Muchas veces la realidad supera a la ficción. Es lo que nos ha tocado vivir en 2020: una pandemia para la que claramente no estábamos preparados en muchos aspectos. Aunque en el terreno de la educación ha llovido sobre mojado.
Las primeras medidas impuestas se resolvieron con cierres de centros educativos. En la Universidad de Málaga, muchos grupos de estudiantes nos pusimos en contacto con nuestro profesorado para compartir con ellos nuestras inquietudes y trasladarles nuestra creencia de que lo más coherente era dejar de asistir. En lo que a mi contexto se refiere, cursando entonces el Máster de Políticas y Prácticas de Innovación Educativa, no hubo problema en trasladar la docencia presencial al campo online, pero pronto nos daríamos cuenta de que una jamás podrá reemplazar a la otra.
Ciertamente todo fueron facilidades para nosotros, no es algo de lo que pueda haber queja. El profesorado se volcó, al igual que hicimos nosotros para mantener la llama encendida en medio de esta tormenta. Permítanme la nota de humor cuando les digo que para no gastar en combustible para la movilidad este periodo ha venido muy bien. Pero hasta ahí.
Pese a los esfuerzos de unos y otros, raro era el día en el que alguien no podía conectarse por problemas en la red (si nos permitimos dejar atrás a alguien, aunque sea una sola persona, ¿qué clase de “escuela” somos?), otros no pudieran utilizar ciertas aplicaciones frente a otras, entre otra infinidad de casuísticas. No hemos podido conseguir, ni siquiera como adultos, que haya el seguimiento de las clases como nos hubiera gustado.
Por ello, una de las principales “pérdidas” ha sido la de la presencialidad y el contacto con la institución. Y nos dimos cuenta cuando lo habíamos perdido. Un sistema educativo que puede replicar su función y ser “eficaz y efectivo” como si fuera una empresa facilitando el teletrabajo a sus asalariados tiene un problema. Un problema que profesionales llevan denunciando hace mucho tiempo: debemos escucharlos más y atender a sus investigaciones y conclusiones.

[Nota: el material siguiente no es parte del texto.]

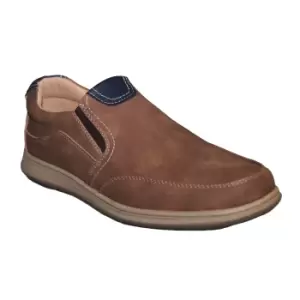 Scimitar Mens Twin Gusset Casual Shoe (9 UK) (Tan)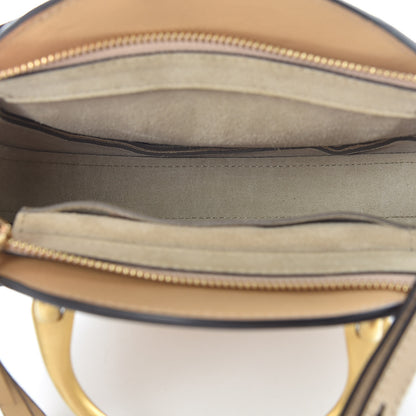 Chloe Calfskin Suede Small Pixie Bag Pearl Beige 7 of 9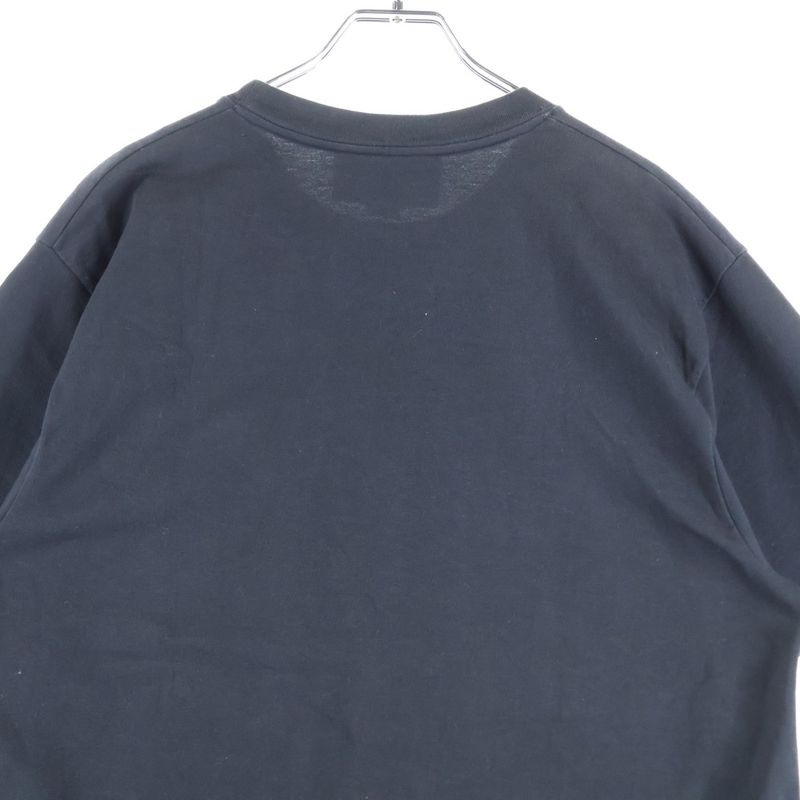 Gucci 19SS Blade Logo Print Crew Neck Short Sleeved T-shirt Cut And Sewn Black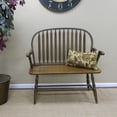 thumbnail image 5 of Contemporary Home Living Arched Back Rectangular Bench with Armrest - 44" - Brown, 5 of 9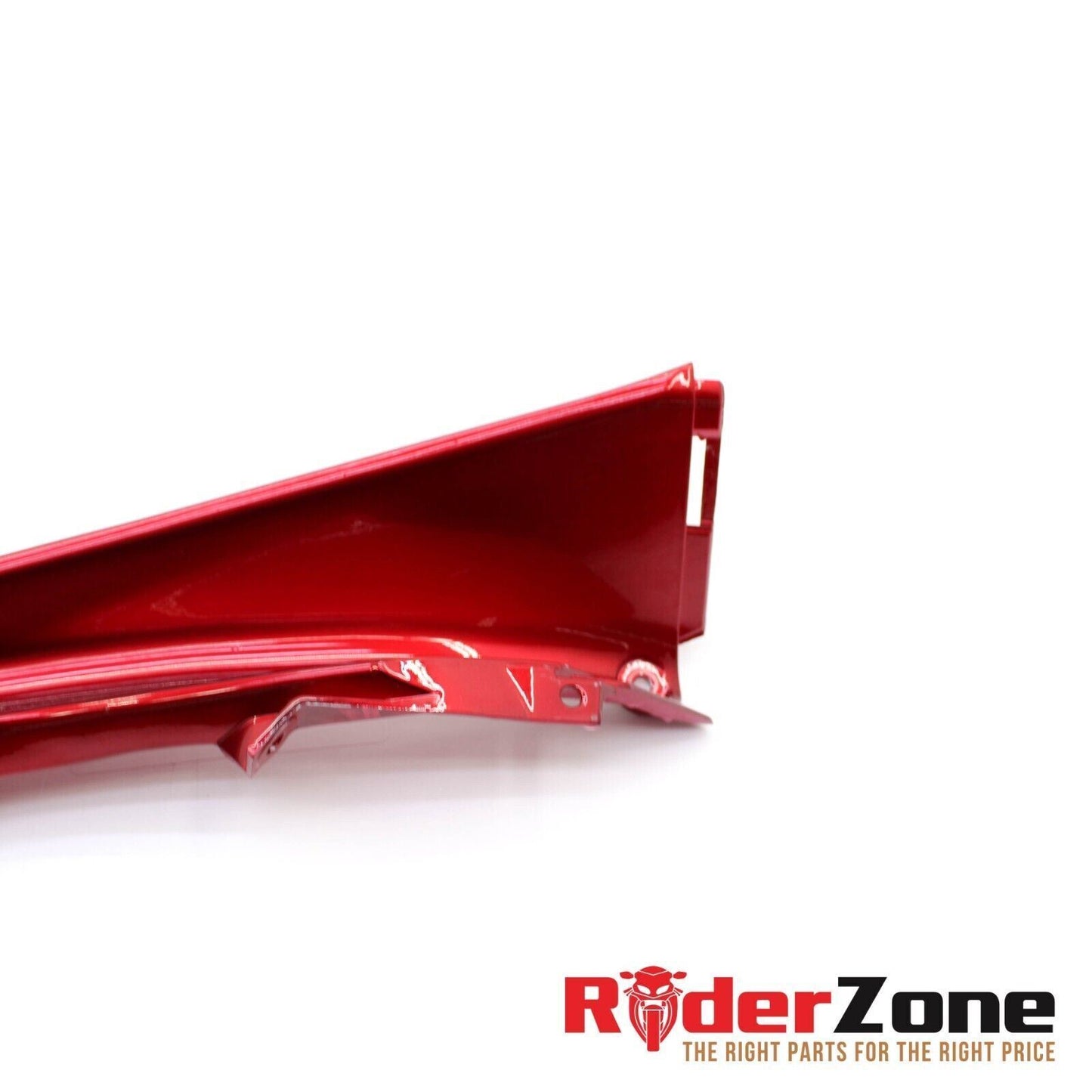 2008 - 2016 YAMAHA YZF R6 FRONT MID FAIRING COWL PLASTIC LEFT UPPER SIDE RED OEM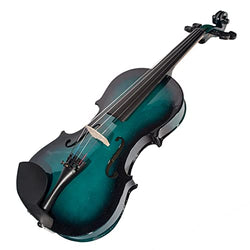 Student Violin 1/4 Size Acoustic Violin Fiddle Maple Wood Top & Back Acoustic Fiddle with Bridge Tailpiece Bow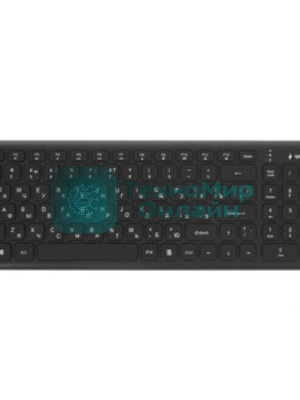 Комплект клавиатура+мышь Gembird KBS-9200 беспроводной, USB, 1000 DPI, чёрный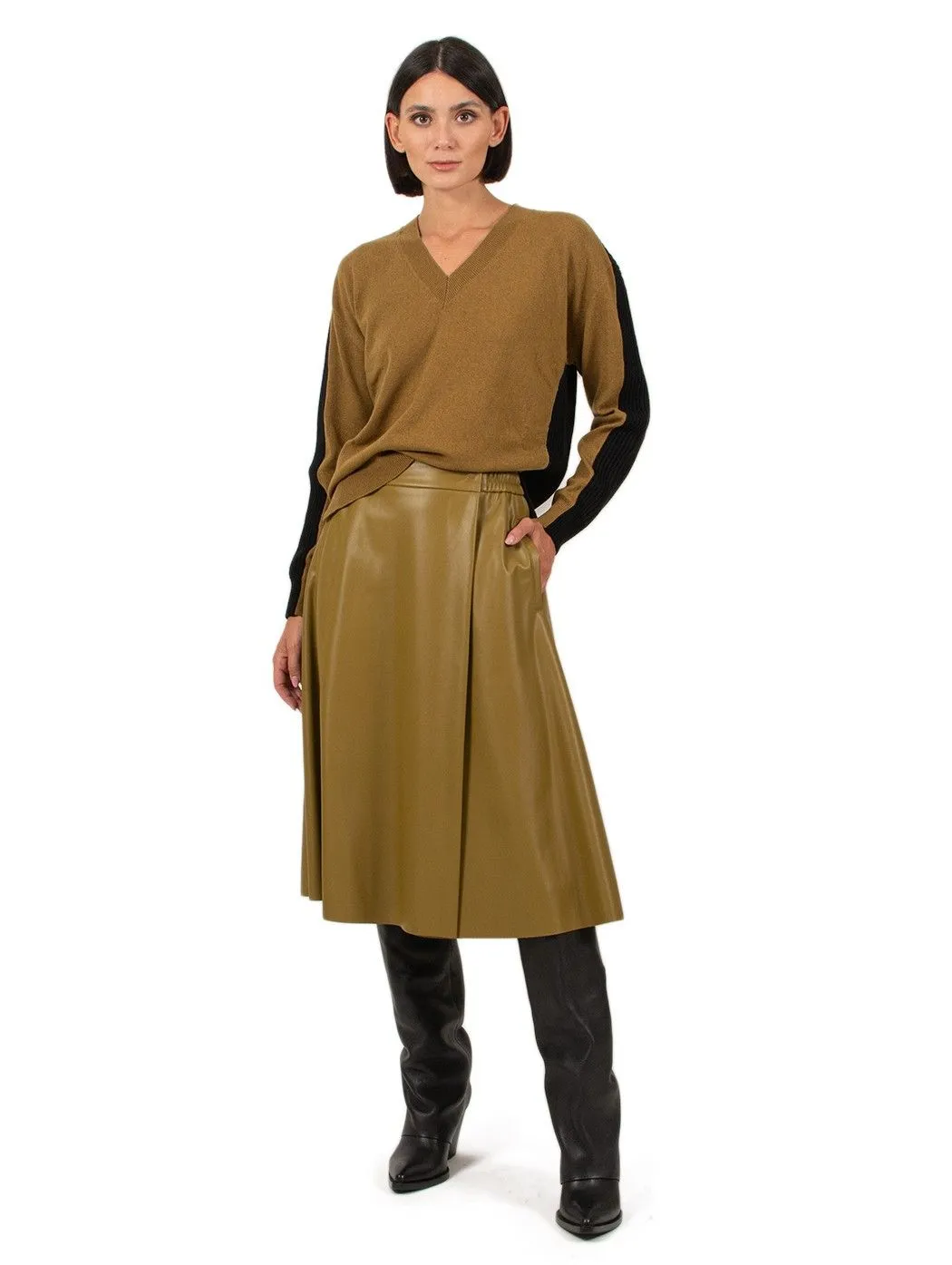 MAGLIA IN MISTO CASHMERE E LANA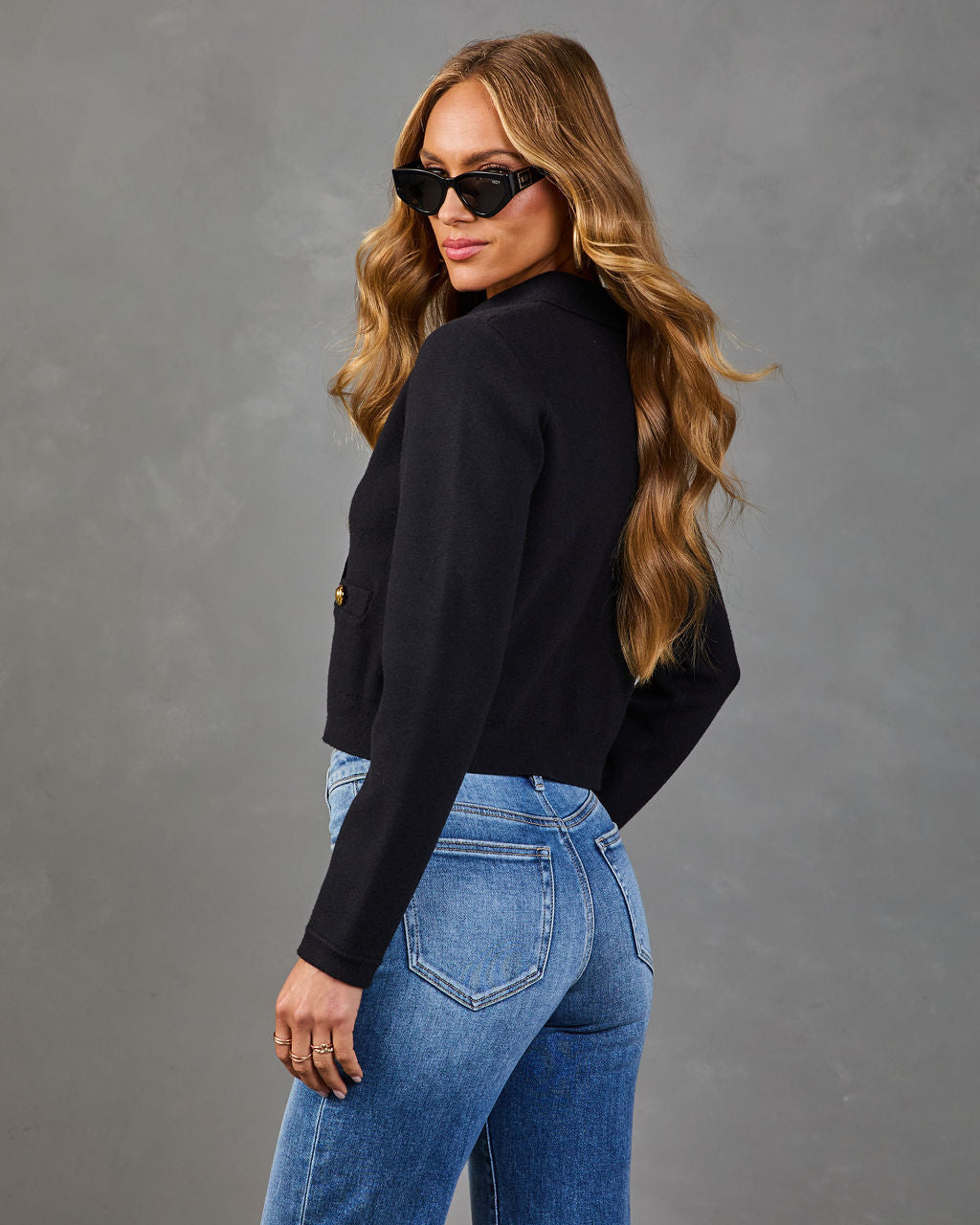 Martha Knit Neck Tie Sweater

En la universidad, al ser personas autónomas, parece que lo tuviéramos todo bajo control. Daba la sensación de que no nos preocupase seguir clases desde una pantalla porque tenemos realmente interiorizados procesos educativos en los cuales, sin más interacción que la del profesor dando la lección y aprobando los respectivos exámenes, creemos estar plenamente preparados para el desempeño de nuestra función laboral. Debemos ser conscientes de que esto es un espejismo creado precisamente por la influencia de un tipo de escuela que ha primado el aprendizaje memorístico y que ha vaciado de significado a la institución educativa. Una referencia quizá a aquel videoclip de Pink Floyd para su Another Brick In The Wall. No podemos pretender expandir este nuevo modelo “teledirigido” y de “fábrica” más allá de lo necesario porque entonces sustituiremos el valor real de lo que la educación debe ser por el de los cursos online privados, donde un título vale lo que quieras pagar por él.

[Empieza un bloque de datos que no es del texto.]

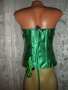Аdore me-зелен сатенен корсет, снимка 6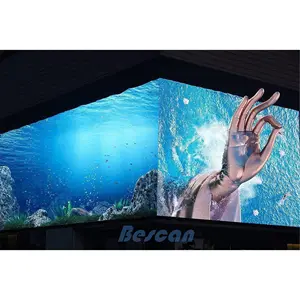 BESCANカスタマイズ3D広告LEDビデオウォール屋外3D建物商業デジタル看板LEDスクリーンディスプレイ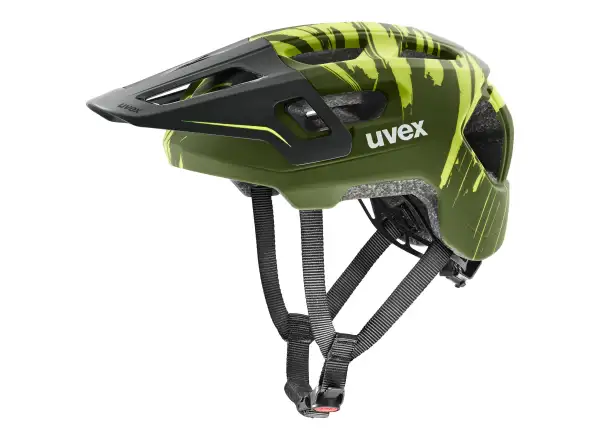 Uvex React JR kask MTB fullface Dark olive matt
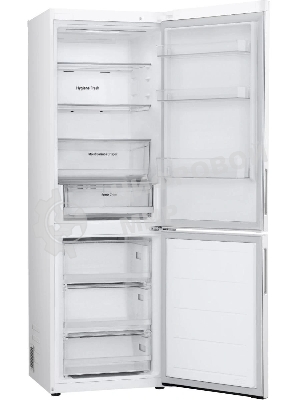 Холодильник LG GC-B459AQQW белый двухкамерный 234/110л морозилка снизу, No Frost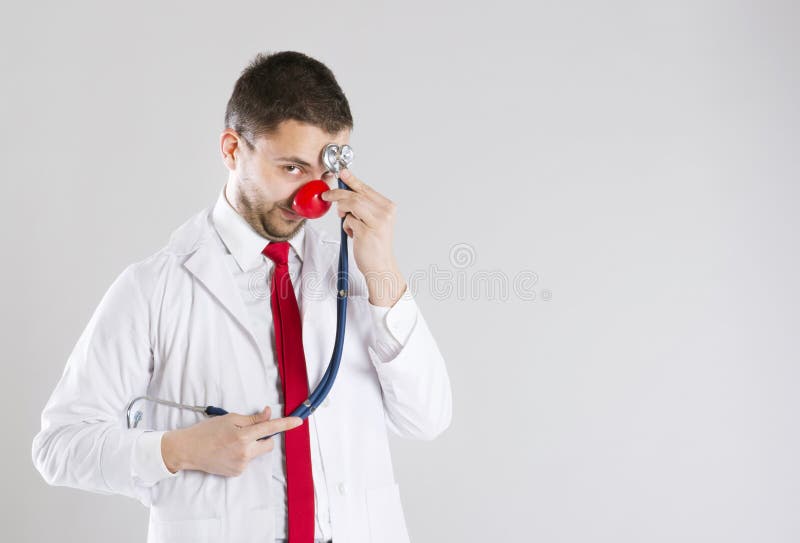 Funny doctor stock image. Image of nose, funny, care 30258455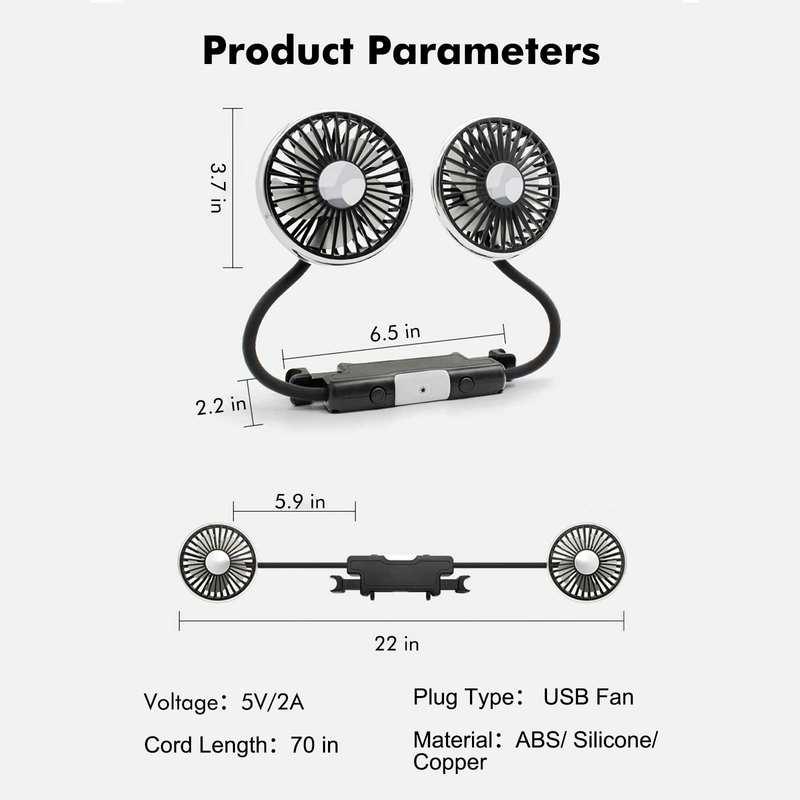 Summer Dual-Head USB Slangevifte | Luvikno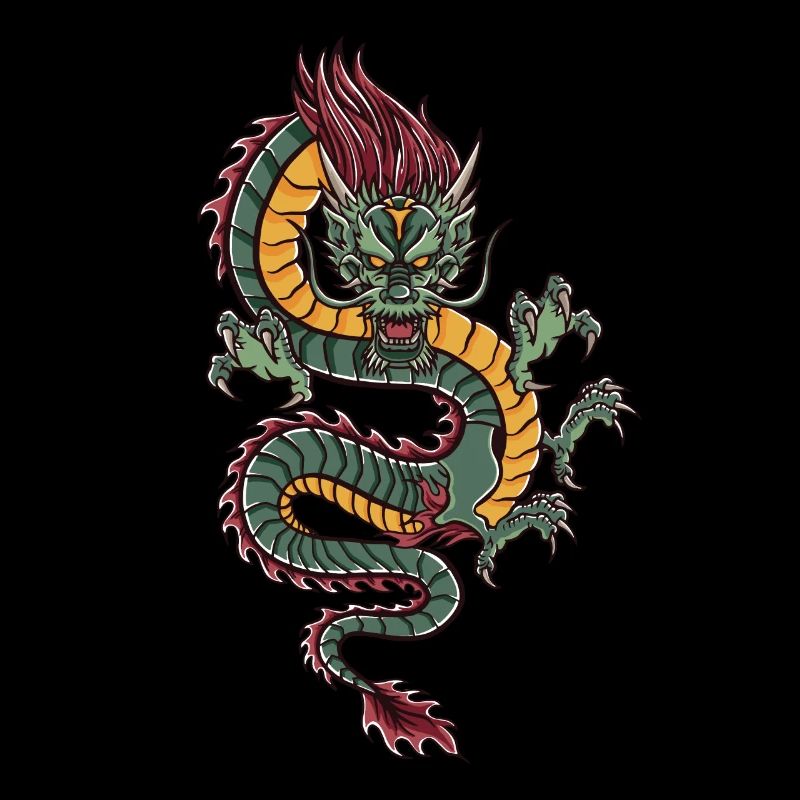 mit chinesischen Drachen chinesischem Drache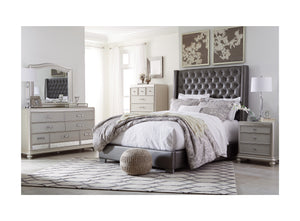 Coralayne Queen Bed, Chest, & Nightstand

Esta situación ha conllevado además a la afectación de muchos, si no todos, los procedimientos en los que académicamente pudiésemos estar inmersos: estudiantes que se han quedado sin realizar las prácticas sin saber, dónde, cuándo ni cómo podrán acceder a ellas. Otros nos hemos visto con una capacidad muy reducida de acción ante investigaciones que llevábamos a cabo en el momento en el que todo “saltó por los aires” ya no solo por el imposible acceso al ‘campus’ sino por la dificultad encontrada a la hora de acudir a manuales o textos impresos del acervo cultural y académico, totalmente necesarios e imprescindibles y que solo se encontraban en las, para entonces, cerradas bibliotecas.

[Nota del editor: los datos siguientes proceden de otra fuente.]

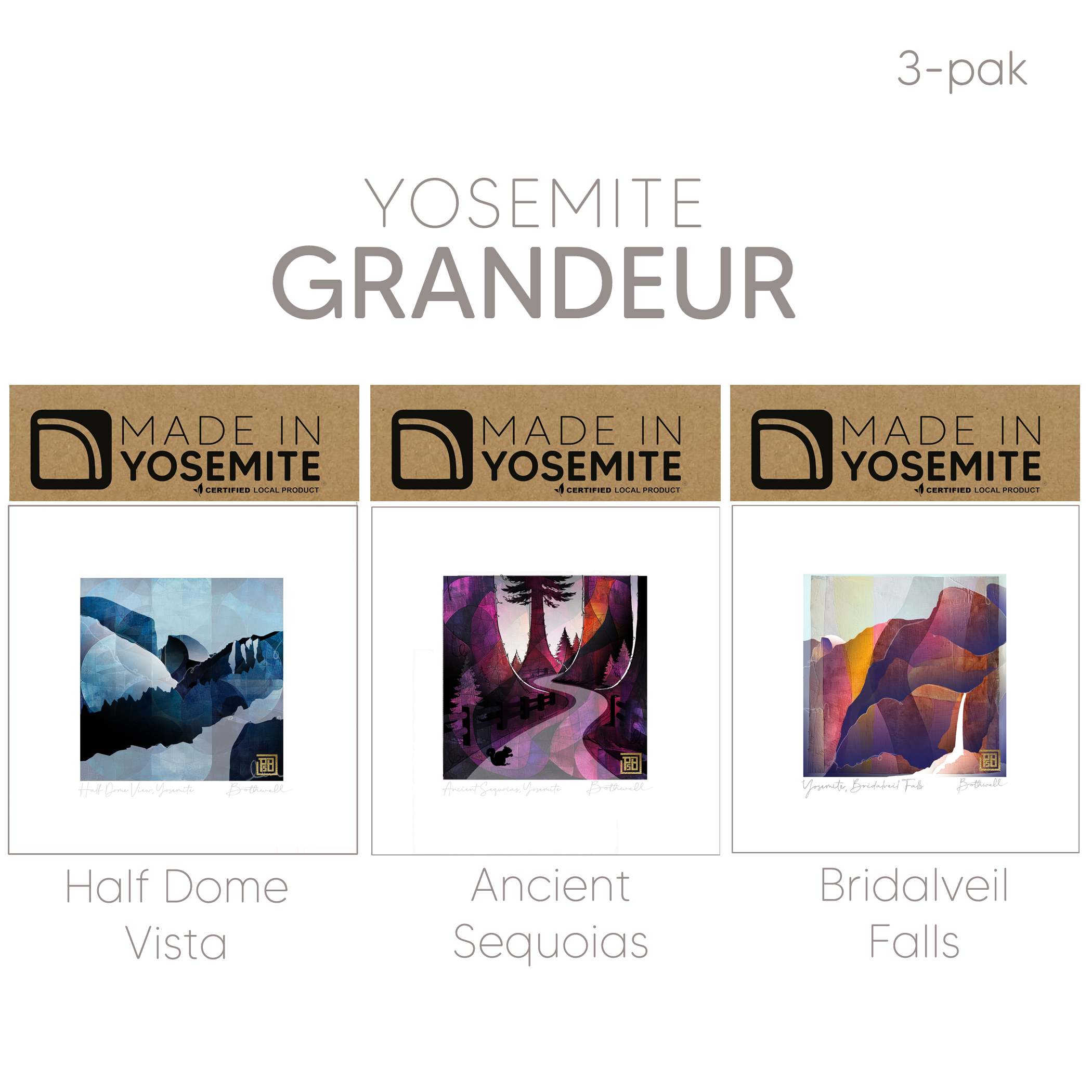 Yosemite Grandeur — 3-Pack Print Set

Es obvio que la nuestra es la sociedad de la información y la comunicación donde miles de millones de datos circulan por la red. Presumiblemente tenemos acceso a todo lo que nos propongamos, un medio que iba a conseguir democratizar ese conocimiento del que el ser humano ha hecho acopio después de tantos años de avances, investigaciones científicas y evolución. Pero al parecer no nos habíamos parado a leer los términos y condiciones: mucho contenido nada desdeñable no se encuentra en formato digital y hasta que las bibliotecas públicas no han abierto sus puertas, nuestras investigaciones han estado paradas. Otro elemento de la formación y la educación que hemos dejado de lado pensando que internet podría solucionarlo todo: y hemos podido llegar a volver a colocarlas en el hueco que realmente merecen.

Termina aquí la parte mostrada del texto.